- Exercise prompt -
Output all of the lines below exactly, and leave out each image.

- Data segment -

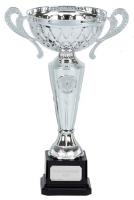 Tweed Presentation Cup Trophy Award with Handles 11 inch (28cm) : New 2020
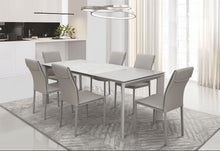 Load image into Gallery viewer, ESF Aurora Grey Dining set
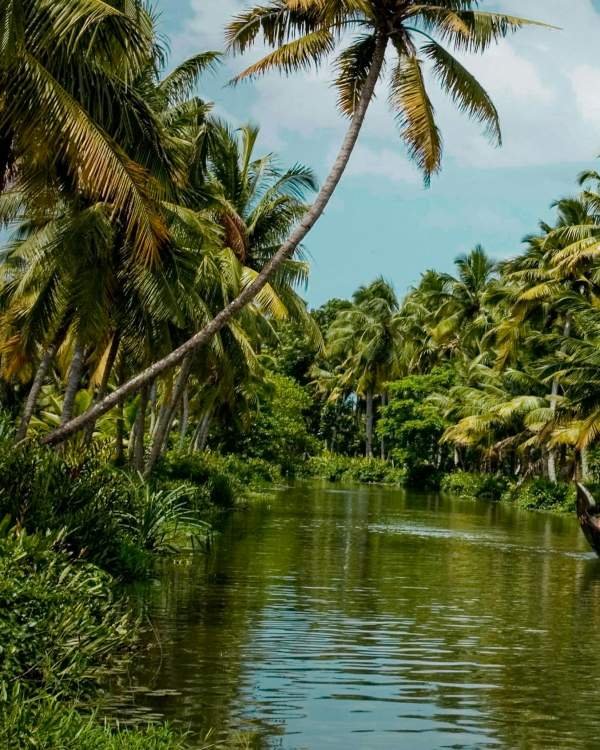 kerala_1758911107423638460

- Expected answer -
 Tweed Presentation Cup Trophy Award with Handles 11 inch (28cm) : New 2020
 Load image into Gallery viewer, ESF Aurora Grey Dining set
 kerala_1758911107423638460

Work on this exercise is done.